Exon copy number alterations of the CHD7 gene are not a major cause of CHARGE syndrome and CHARGE-like syndrome

Department of Genetics, University Medical Center Groningen, P.O. Box 30.001, 9700 RB Groningen, The Netherlands.
European Journal of Medical Genetics (Impact Factor: 1.47). 05/2008; 51(5):417-25. DOI: 10.1016/j.ejmg.2008.03.003
Source: PubMed


CHARGE syndrome is a multiple congenital anomaly syndrome caused by mutations in the CHD7 gene. Mutations in this gene are found in 60-70% of patients suspected of having CHARGE syndrome. However, if only typical CHARGE patients are taken into account, mutations in the CHD7 gene are found in over 90% of cases.
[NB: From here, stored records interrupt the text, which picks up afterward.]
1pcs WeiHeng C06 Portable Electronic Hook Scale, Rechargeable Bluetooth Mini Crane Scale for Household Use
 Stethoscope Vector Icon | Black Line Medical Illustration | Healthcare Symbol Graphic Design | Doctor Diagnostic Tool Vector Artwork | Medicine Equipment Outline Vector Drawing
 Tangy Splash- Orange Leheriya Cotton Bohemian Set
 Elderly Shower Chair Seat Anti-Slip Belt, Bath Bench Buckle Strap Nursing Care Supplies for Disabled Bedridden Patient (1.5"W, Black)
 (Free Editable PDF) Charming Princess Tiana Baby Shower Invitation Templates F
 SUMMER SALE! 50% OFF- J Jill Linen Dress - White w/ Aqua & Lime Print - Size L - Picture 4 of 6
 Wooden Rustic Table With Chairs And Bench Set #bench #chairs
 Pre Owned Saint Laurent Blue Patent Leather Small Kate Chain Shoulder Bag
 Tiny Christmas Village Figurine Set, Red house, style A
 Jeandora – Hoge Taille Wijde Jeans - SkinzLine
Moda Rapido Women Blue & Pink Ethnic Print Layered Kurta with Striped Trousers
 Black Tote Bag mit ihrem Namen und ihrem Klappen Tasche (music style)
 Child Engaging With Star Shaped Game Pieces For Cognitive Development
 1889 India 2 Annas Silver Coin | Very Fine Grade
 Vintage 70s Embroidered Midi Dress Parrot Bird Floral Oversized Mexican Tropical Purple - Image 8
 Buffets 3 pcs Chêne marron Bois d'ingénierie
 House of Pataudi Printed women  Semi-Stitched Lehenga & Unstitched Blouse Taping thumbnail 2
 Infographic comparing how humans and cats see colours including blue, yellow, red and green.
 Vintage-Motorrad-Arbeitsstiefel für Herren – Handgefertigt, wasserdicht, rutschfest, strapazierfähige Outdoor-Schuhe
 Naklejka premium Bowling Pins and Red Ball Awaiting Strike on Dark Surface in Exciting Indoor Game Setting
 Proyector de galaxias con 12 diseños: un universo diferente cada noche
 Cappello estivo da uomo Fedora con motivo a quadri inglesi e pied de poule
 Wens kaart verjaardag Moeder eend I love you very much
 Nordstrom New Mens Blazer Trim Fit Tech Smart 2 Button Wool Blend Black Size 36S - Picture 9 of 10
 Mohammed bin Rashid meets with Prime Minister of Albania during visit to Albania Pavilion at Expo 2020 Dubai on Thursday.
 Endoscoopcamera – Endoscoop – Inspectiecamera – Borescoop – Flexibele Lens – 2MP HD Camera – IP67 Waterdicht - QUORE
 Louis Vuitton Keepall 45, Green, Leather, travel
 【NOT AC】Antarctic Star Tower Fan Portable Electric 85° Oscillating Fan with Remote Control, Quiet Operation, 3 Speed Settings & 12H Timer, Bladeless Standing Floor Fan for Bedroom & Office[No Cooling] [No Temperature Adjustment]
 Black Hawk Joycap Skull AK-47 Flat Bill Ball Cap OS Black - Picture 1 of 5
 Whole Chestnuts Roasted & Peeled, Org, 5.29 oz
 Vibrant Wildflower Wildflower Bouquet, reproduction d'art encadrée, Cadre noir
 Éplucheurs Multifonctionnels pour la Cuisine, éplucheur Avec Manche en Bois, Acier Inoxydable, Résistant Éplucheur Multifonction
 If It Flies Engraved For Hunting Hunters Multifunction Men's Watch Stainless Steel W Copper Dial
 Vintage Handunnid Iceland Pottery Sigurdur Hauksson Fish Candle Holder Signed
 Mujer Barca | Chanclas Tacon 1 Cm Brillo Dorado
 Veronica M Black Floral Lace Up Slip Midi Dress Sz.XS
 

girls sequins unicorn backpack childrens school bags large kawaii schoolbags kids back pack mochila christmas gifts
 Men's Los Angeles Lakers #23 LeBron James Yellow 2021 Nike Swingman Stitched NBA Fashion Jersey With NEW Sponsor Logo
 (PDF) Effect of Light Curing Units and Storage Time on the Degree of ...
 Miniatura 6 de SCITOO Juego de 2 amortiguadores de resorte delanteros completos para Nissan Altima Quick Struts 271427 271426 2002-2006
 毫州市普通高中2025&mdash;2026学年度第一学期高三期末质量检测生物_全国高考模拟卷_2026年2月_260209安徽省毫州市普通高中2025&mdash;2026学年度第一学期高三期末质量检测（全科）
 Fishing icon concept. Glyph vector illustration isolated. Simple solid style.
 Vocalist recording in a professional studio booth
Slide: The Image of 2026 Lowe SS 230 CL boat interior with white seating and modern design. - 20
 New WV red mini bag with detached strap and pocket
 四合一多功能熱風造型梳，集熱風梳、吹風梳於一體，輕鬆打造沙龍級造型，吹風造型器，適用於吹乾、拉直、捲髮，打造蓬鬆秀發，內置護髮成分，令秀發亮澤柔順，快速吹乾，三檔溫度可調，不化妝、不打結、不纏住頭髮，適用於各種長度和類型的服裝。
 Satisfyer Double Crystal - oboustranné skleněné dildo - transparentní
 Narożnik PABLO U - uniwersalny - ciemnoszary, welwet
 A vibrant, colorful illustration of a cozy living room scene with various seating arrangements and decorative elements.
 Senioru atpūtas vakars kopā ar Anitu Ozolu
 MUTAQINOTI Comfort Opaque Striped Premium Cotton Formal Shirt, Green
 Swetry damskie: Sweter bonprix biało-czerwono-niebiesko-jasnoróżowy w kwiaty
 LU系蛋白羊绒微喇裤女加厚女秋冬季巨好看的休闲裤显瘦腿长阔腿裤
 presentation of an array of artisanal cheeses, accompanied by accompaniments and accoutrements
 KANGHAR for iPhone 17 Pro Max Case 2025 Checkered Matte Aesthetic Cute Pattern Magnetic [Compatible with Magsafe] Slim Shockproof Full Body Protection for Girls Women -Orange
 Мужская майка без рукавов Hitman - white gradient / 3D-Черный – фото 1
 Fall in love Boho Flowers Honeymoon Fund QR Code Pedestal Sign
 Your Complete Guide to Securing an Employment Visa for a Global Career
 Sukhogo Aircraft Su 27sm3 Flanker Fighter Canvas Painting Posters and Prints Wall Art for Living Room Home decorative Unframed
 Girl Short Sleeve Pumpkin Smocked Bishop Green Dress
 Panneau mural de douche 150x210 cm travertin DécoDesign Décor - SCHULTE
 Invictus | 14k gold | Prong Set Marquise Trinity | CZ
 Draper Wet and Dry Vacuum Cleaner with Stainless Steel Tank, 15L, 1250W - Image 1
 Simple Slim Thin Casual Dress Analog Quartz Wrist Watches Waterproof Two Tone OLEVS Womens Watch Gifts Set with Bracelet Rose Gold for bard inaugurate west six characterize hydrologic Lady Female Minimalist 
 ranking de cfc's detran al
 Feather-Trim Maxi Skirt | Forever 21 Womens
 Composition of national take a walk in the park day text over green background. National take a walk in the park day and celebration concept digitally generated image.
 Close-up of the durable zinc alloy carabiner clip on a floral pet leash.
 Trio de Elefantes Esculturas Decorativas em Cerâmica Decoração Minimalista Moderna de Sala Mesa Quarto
The remaining 10% might be caused by hitherto undetected alterations of the CHD7 gene, including whole exon duplications and deletions that are missed by the currently used diagnostic procedures. Therefore we looked for these kinds of alterations by multiplex ligation-dependent probe amplification in 54 patients suspected of having CHARGE syndrome without a CHD7 mutation. In one patient a partial deletion of the CHD7 gene (exons 13-38) was identified, while in the other patients no abnormalities were found. The frequency of exon deletions in our cohort was 1.9% (1/54) and 5.6% (1/18) in all patients and in typical CHARGE patients, respectively. We conclude that exon copy number alterations of the CHD7 gene are not a major cause of CHARGE and CHARGE-like syndrome.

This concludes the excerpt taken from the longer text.